Smart Insole: Tactile-Based Human Sensing

Motivation

Vision-based human pose estimation is ubiquitous but suffers from occlusion and privacy concerns. Foot pressure data, captured by a wearable insole, offers a privacy-preserving, location-independent alternative. This GIST-MIT collaboration project explored how much information about full-body 3D pose can be recovered from foot contact alone.

Issues

Prior insole/carpet sensors are large, fixed, and expensive.
600+ sensors per foot generates high-dimensional temporal streams requiring efficient architectures.
Ground truth 3D keypoints require synchronized multi-camera capture.
Generalizing to unseen participants and actions is challenging with small datasets.

Method

Smart Insole (NeurIPS Workshop 2024): Dual CNN encoders process left/right foot pressure frames → 3D heatmap decoder predicts 19 keypoints. A linear probe on frozen encoders classifies actions (96.88% accuracy).

SCOTTI (arXiv 2025) — Extension: CNN + Transformer (SCOTTI) jointly optimizes three tasks: pose estimation, action classification, and novel action progress prediction (first in tactile sensing).
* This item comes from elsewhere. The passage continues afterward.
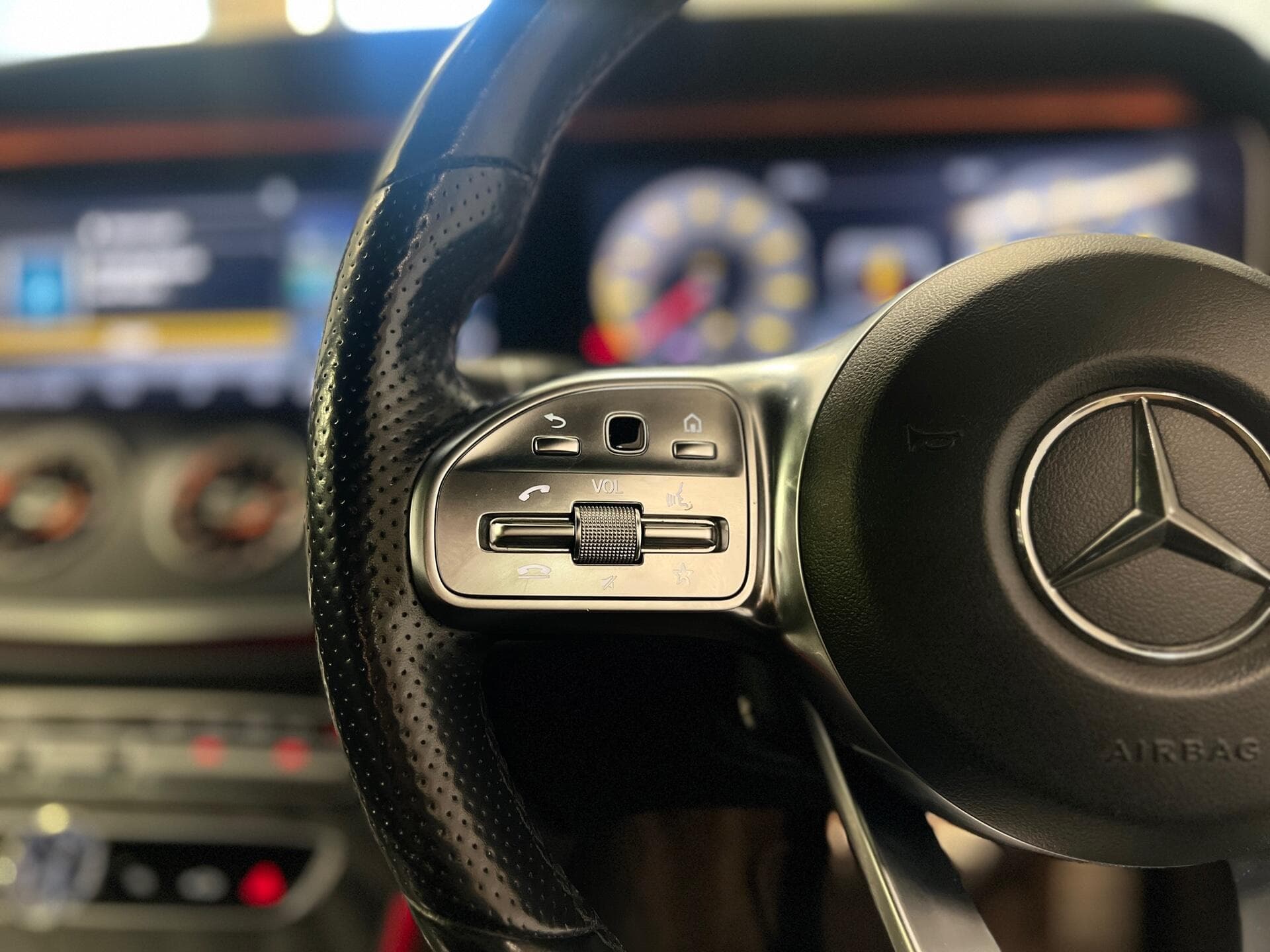 2019 Mercedes-Benz E Class - Image 34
Multi-task learning improves all three tasks simultaneously over single-task baselines.

Results & Contribution

7.43 cm average pose estimation error on 7 actions (NeurIPS 2024).
96.88% action classification accuracy as a linear probe.
SCOTTI: first tactile action progress prediction; 96.63 mm MPJPE, 90.06% accuracy.
Dataset: 15 participants, 200,000+ synchronized frames, 8 actions (to be open-sourced).
Hardware: ~$50 wireless insole with 500+ sensors per foot.